TASK TO COMPLETE: Output all records exactly.

GIVEN RECORDS:
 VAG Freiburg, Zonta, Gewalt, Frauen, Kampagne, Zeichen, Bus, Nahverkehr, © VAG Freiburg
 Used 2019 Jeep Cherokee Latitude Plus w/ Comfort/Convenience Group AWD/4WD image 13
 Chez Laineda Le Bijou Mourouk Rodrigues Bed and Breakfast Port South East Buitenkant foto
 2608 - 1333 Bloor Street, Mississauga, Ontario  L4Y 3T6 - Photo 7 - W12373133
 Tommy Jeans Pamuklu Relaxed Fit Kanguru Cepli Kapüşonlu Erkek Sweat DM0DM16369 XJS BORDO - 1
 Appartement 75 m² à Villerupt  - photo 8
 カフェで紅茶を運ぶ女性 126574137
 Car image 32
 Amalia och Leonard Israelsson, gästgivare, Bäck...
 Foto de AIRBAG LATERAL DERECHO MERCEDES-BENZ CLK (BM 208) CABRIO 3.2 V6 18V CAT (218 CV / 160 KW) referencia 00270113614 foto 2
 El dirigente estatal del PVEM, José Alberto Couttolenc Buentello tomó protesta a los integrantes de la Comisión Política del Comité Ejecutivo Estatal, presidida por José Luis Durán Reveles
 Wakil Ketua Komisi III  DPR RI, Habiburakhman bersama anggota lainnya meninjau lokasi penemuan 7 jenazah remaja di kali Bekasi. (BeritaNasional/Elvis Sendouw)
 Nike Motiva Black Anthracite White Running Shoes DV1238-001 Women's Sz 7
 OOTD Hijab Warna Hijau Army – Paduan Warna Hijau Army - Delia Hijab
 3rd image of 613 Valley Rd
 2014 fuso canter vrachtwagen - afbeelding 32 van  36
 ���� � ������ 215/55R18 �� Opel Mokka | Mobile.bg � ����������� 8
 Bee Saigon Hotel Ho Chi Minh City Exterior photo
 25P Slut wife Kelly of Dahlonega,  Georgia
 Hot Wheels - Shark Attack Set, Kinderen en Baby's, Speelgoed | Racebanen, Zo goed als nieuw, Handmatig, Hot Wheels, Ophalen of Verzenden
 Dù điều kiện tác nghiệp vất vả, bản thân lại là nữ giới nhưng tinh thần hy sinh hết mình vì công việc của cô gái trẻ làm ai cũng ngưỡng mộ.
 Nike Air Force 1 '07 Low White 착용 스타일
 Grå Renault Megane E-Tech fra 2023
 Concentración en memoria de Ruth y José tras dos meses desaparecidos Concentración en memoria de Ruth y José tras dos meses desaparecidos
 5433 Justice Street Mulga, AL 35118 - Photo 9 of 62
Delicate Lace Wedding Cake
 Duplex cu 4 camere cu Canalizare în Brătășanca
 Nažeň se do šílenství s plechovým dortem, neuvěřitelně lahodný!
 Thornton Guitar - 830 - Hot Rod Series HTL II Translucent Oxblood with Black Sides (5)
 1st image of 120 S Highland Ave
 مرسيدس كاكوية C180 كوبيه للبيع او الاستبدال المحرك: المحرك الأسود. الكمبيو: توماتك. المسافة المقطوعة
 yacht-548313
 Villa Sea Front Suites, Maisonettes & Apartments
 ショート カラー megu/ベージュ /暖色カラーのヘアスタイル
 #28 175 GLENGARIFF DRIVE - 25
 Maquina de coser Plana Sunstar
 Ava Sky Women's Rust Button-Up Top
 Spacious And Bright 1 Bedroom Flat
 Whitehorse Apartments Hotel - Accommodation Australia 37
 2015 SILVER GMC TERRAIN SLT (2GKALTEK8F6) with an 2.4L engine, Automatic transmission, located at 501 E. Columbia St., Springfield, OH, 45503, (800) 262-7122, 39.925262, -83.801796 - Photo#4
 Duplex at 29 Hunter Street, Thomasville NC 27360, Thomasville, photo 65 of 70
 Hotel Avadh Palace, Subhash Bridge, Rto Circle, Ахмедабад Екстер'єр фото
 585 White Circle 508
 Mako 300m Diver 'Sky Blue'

EXPECTED ANSWER:
 VAG Freiburg, Zonta, Gewalt, Frauen, Kampagne, Zeichen, Bus, Nahverkehr, © VAG Freiburg
 Used 2019 Jeep Cherokee Latitude Plus w/ Comfort/Convenience Group AWD/4WD image 13
 Chez Laineda Le Bijou Mourouk Rodrigues Bed and Breakfast Port South East Buitenkant foto
 2608 - 1333 Bloor Street, Mississauga, Ontario  L4Y 3T6 - Photo 7 - W12373133
 Tommy Jeans Pamuklu Relaxed Fit Kanguru Cepli Kapüşonlu Erkek Sweat DM0DM16369 XJS BORDO - 1
 Appartement 75 m² à Villerupt  - photo 8
 カフェで紅茶を運ぶ女性 126574137
 Car image 32
 Amalia och Leonard Israelsson, gästgivare, Bäck...
 Foto de AIRBAG LATERAL DERECHO MERCEDES-BENZ CLK (BM 208) CABRIO 3.2 V6 18V CAT (218 CV / 160 KW) referencia 00270113614 foto 2
 El dirigente estatal del PVEM, José Alberto Couttolenc Buentello tomó protesta a los integrantes de la Comisión Política del Comité Ejecutivo Estatal, presidida por José Luis Durán Reveles
 Wakil Ketua Komisi III  DPR RI, Habiburakhman bersama anggota lainnya meninjau lokasi penemuan 7 jenazah remaja di kali Bekasi. (BeritaNasional/Elvis Sendouw)
 Nike Motiva Black Anthracite White Running Shoes DV1238-001 Women's Sz 7
 OOTD Hijab Warna Hijau Army – Paduan Warna Hijau Army - Delia Hijab
 3rd image of 613 Valley Rd
 2014 fuso canter vrachtwagen - afbeelding 32 van  36
 ���� � ������ 215/55R18 �� Opel Mokka | Mobile.bg � ����������� 8
 Bee Saigon Hotel Ho Chi Minh City Exterior photo
 25P Slut wife Kelly of Dahlonega,  Georgia
 Hot Wheels - Shark Attack Set, Kinderen en Baby's, Speelgoed | Racebanen, Zo goed als nieuw, Handmatig, Hot Wheels, Ophalen of Verzenden
 Dù điều kiện tác nghiệp vất vả, bản thân lại là nữ giới nhưng tinh thần hy sinh hết mình vì công việc của cô gái trẻ làm ai cũng ngưỡng mộ.
 Nike Air Force 1 '07 Low White 착용 스타일
 Grå Renault Megane E-Tech fra 2023
 Concentración en memoria de Ruth y José tras dos meses desaparecidos Concentración en memoria de Ruth y José tras dos meses desaparecidos
 5433 Justice Street Mulga, AL 35118 - Photo 9 of 62
Delicate Lace Wedding Cake
 Duplex cu 4 camere cu Canalizare în Brătășanca
 Nažeň se do šílenství s plechovým dortem, neuvěřitelně lahodný!
 Thornton Guitar - 830 - Hot Rod Series HTL II Translucent Oxblood with Black Sides (5)
 1st image of 120 S Highland Ave
 مرسيدس كاكوية C180 كوبيه للبيع او الاستبدال المحرك: المحرك الأسود. الكمبيو: توماتك. المسافة المقطوعة
 yacht-548313
 Villa Sea Front Suites, Maisonettes & Apartments
 ショート カラー megu/ベージュ /暖色カラーのヘアスタイル
 #28 175 GLENGARIFF DRIVE - 25
 Maquina de coser Plana Sunstar
 Ava Sky Women's Rust Button-Up Top
 Spacious And Bright 1 Bedroom Flat
 Whitehorse Apartments Hotel - Accommodation Australia 37
 2015 SILVER GMC TERRAIN SLT (2GKALTEK8F6) with an 2.4L engine, Automatic transmission, located at 501 E. Columbia St., Springfield, OH, 45503, (800) 262-7122, 39.925262, -83.801796 - Photo#4
 Duplex at 29 Hunter Street, Thomasville NC 27360, Thomasville, photo 65 of 70
 Hotel Avadh Palace, Subhash Bridge, Rto Circle, Ахмедабад Екстер'єр фото
 585 White Circle 508
 Mako 300m Diver 'Sky Blue'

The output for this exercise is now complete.